A jornalista de moda, Mariana Coelho, que já escreveu para revistas como Glamour e Vogue, comenta como é necessário o consumidor analisar as marcas que utiliza e ter consciência na hora de fazer compras. “As pessoas que consomem a moda devem pesquisar e se certificar aonde as peças são produzidas, para não incentivar o trabalho ilegal dessas empresas. Existem diversas pesquisas e denúncias que ajudam a certificar sobre a escravidão moderna e boicotar as marcas que praticam. O consumo tem que ser com responsabilidade e sustentabilidade”.

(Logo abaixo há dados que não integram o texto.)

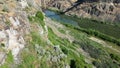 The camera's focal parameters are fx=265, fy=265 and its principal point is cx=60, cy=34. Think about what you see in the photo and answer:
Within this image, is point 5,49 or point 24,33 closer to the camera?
point 5,49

As medidas a serem tomadas diante desse cenário são inúmeras, como a necessidade de cobrar dos parlamentares a erradicação do trabalho escravo e a promoção do trabalho digno, pressionando as marcas por mais transparência e responsabilidade com os seus funcionários. Fomentando a discussão coletiva para que mais pessoas fiquem sabendo da situação, e que as mesmas fiquem em alerta. Mesmo com os números altíssimos de denúncias sobre empresas que ainda atuam ilegalmente, a estrutura da fiscalização continua precária. No atual cenário brasileiro, com o enfraquecimento da fiscalização e com o aumento de consumidores interessados em pagarem valores baixos pelas roupas, dificilmente esse cenário irá mudar sem a contribuição da população.
Onde denunciar o trabalho análogo ao escravo: Ministério Público do trabalho, Ministério da Economia, Defensoria Pública da União; Disque 100 ou baixe o aplicativo Direitos Humanos BR.